Mempawah, ZONA Kalbar.id — Dewan Pimpinan Wilayah Lembaga Dakwah Islam Indonesia (LDII) Kalimantan Barat dan MTs Khairul Hikmah Mempawah menandatangani Perjanjian Kerja Sama (PKS) tentang Gerakan Madrasah Cinta dan Berbudaya Lingkungan (Gema Cling), Minggu, 2 Agustus 2026. Kesepakatan tersebut menjadi dasar kolaborasi kedua lembaga dalam memperkuat pendidikan karakter sekaligus menumbuhkan budaya peduli lingkungan di lingkungan madrasah.
Ketua DPW LDII Kalimantan Barat, Susanto, mengatakan kerja sama itu merupakan tindak lanjut dari berbagai kegiatan kolaboratif yang telah dilakukan sebelumnya. Menurut dia, hasil pelaksanaan program Gema Cling di MTs Khairul Hikmah mendorong kedua pihak untuk memperkuat komitmen melalui perjanjian resmi.
“Dari hasil kolaborasi Gema Cling di MTs Khairul Hikmah, kami memandang perlu menindaklanjutinya dalam bentuk nota kesepahaman. Alhamdulillah, hari ini komitmen tersebut resmi kami tandatangani,” kata Susanto.
Sebagai organisasi dakwah, kata Susanto, LDII memandang sekolah sebagai ruang strategis untuk membangun kesadaran masyarakat terhadap pentingnya menjaga lingkungan. Karena itu, penguatan pendidikan karakter yang berorientasi pada kepedulian terhadap lingkungan dinilai harus dimulai sejak usia sekolah.
Ia menambahkan, pembentukan sekolah berwawasan lingkungan atau Adiwiyata memerlukan kolaborasi berbagai pihak. Menurut dia, LDII memiliki salah satu bidang pengabdian yang berfokus pada pelestarian lingkungan sehingga kerja sama dengan lembaga pendidikan menjadi bagian dari implementasi program tersebut.
“Memiliki karakter peduli lingkungan merupakan bagian dari implementasi ajaran Islam sebagai khalifah di bumi, yakni memakmurkan dan menjaga kelestarian lingkungan serta menghindari kerusakan. Dunia pendidikan memiliki peran strategis dalam menanamkan kebiasaan itu sejak dini,” ujarnya.
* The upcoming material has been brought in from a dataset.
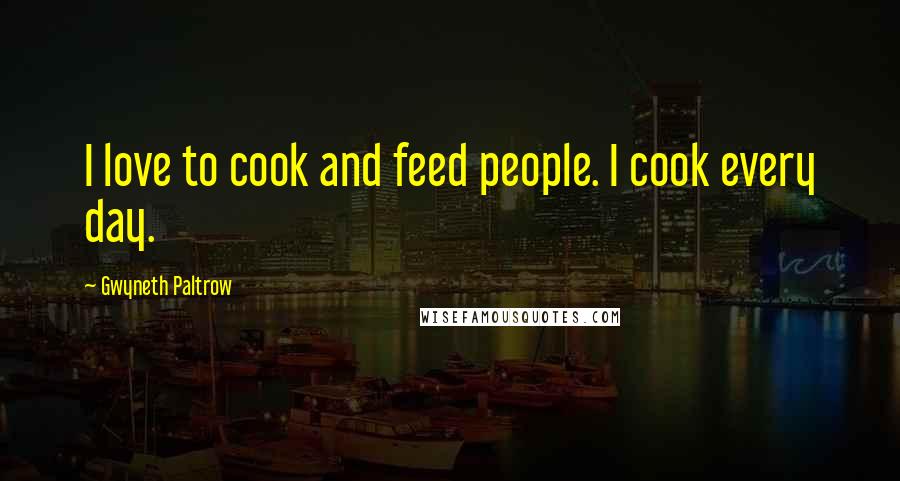 Gwyneth Paltrow Quotes: I love to cook and feed people. I cook every day.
Susanto berharap program Gema Cling dapat menjadi langkah nyata dalam membangun peserta didik yang memiliki kepedulian, disiplin, dan tanggung jawab terhadap lingkungan melalui kebiasaan yang diterapkan di lingkungan madrasah.
Kepala MTs Khairul Hikmah Mempawah, M. Shirajudin, menyambut baik kerja sama tersebut. Ia mengatakan pihak madrasah selama ini memiliki komitmen untuk mewujudkan sekolah berwawasan lingkungan, meski masih menghadapi sejumlah keterbatasan.
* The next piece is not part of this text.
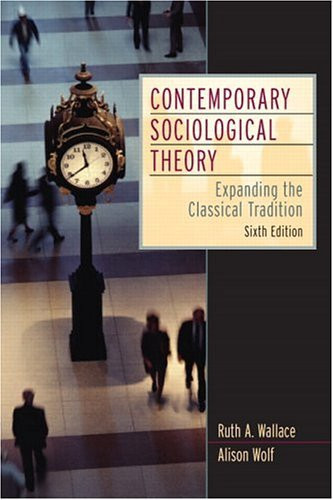 Contemporary Sociological Theory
“Guru dan yayasan memiliki keinginan yang kuat untuk mewujudkan sekolah Adiwiyata, tetapi kami masih memiliki berbagai kekurangan. Kerja sama ini menjadi dukungan yang sangat berarti bagi madrasah,” kata Shirajudin.
Melalui perjanjian tersebut, kedua pihak akan melaksanakan berbagai program yang berfokus pada pembangunan karakter cinta lingkungan di sekolah. Kegiatan yang direncanakan meliputi pelatihan, sosialisasi, aksi penghijauan, pengelolaan lingkungan berbasis partisipasi warga madrasah, hingga penguatan pendidikan karakter yang berlandaskan nilai-nilai keislaman.
LDII Kalimantan Barat dan MTs Khairul Hikmah berharap kolaborasi tersebut mampu menciptakan ekosistem pendidikan yang tidak hanya berorientasi pada prestasi akademik, tetapi juga melahirkan generasi yang berakhlak mulia, memiliki kepedulian terhadap lingkungan, serta berkontribusi dalam mendukung pembangunan berkelanjutan.